Sohbete dönersek eğer, resmi söylemin değiştirilmiş ağzı ile
bir öfke, yenilginin psikolojik yansıması ile Öcalan’a karşı bir söylemle
şahitlik edersiniz. “Adam, MİT ajanıdır, ülkede var olan tüm olumsuzlukların
tek sorumlusudur. Devlet, Kürtlere bunu planlı bir şekilde reva gördüğünü,
milli nizam ile bunu yaptığını, gelişmekte olan Kürt mücadelesini yok etmek
için Apocuları çıkardığını, Kürtlerin örgütlenmesini engellediğini, kendisi
dışında diğer Kürt siyasi çeşitliliğini yok ettiğini” iddia ettiklerini
duyarsınız. Lafı fazla uzatmadan yaşanılan tüm katliamlar, cinayetler,
boşaltılan tüm köyler devlet aklının eseri olduğunu ve bunu yapmak için
Öcalan’ı ve örgütünü kullandığını söylerler. Kısaca, Öcalan hareketini bir Kürt
isyanı olarak algılamaz, tersine Kürtleri yok etmek isteyen söz arasında üstü
kapalı olarak ulus devletinin projesi olduğunu vurgularlar.

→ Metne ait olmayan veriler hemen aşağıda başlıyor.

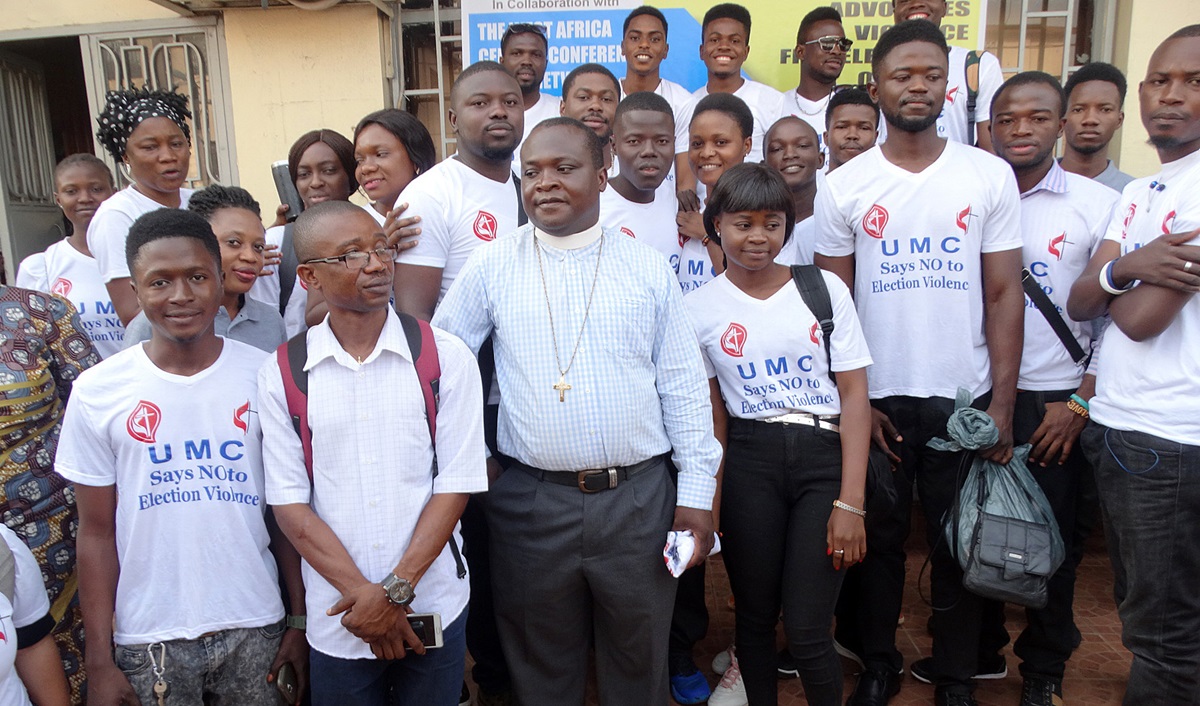 The Rev. Sylvester Holima (center) organizes United Methodist young adults at UMC House, the home office of the Sierra Leone Conference, in Freetown, as they prepare to take the No Election Violence Campaign on the road. Regional missionary Finda Quiwa (standing, back left, in black head dress) funded the two-day campaign. Photo by Phileas Jusu, UMNS.
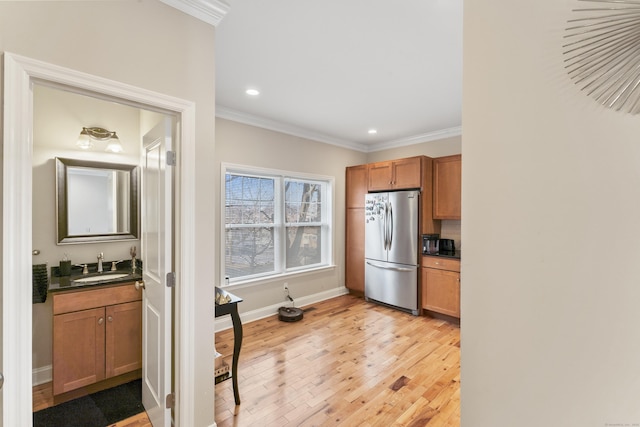 kitchen with a sink, light wood-type flooring, freestanding refrigerator, dark countertops, and crown molding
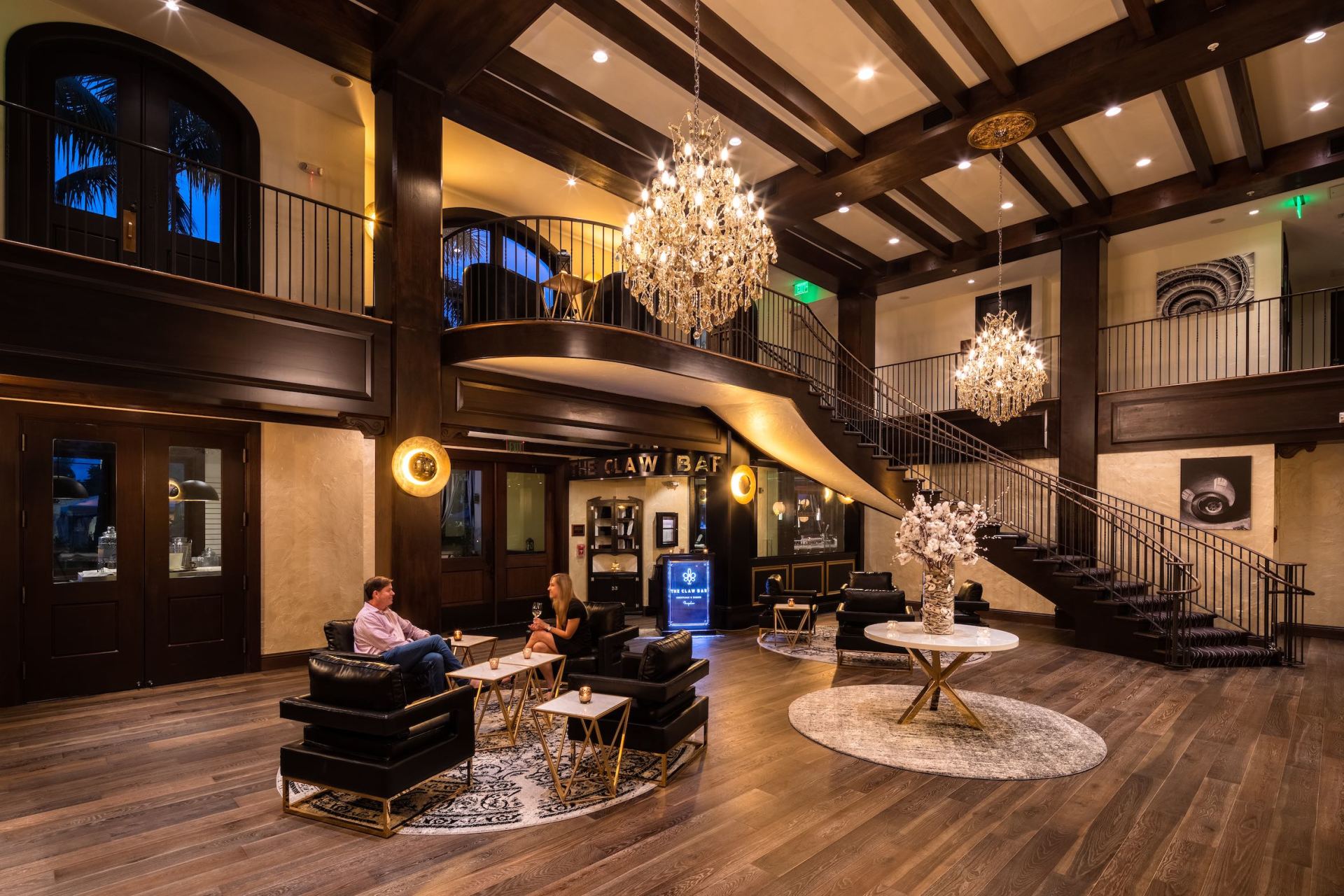 Grand hotel lobby with chandeliers, dark wood beams, a grand staircase, and a few seated guests.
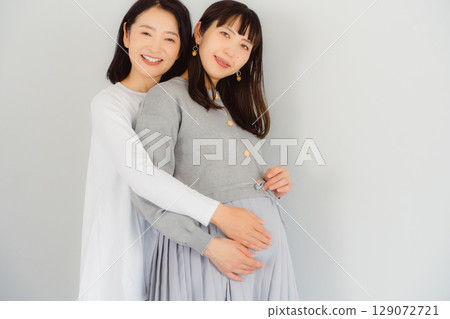 A happy mother and her daughter nearing the end of her pregnancy A happy mother and her daughter nearing the end of her pregnancy 129072721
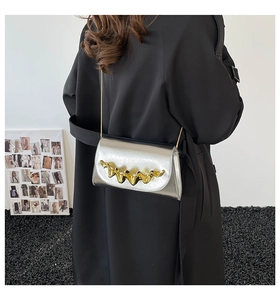 Détail du sac à main argenté métallisé avec boucle ondulée dorée et bandoulière chaîne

Ulus devleti projesi, homojen devlet yaratmak için öteki ve
farklı olanı yok etme politikasıdır; asimilasyon ile yok edemediğini, zor ile
yok etmektir.
Öcalan ise örgütünü hangi koşullarda kurduğunu, nasıl bir
çizgi izlediğini anlatan birçok kitabı, onun adına yazılan kitaplar
bulabilirsiniz. Bu tarih henüz sonuçlanmadığı için -devam eden süreçte- her
türlü yorumu bulmanız kolaydır.
Yaşanan süreçte kesin sonuca ulaşılmaz, olaya nereden
baktığınız ile sebep-sonuç ilişkisi değişebilir.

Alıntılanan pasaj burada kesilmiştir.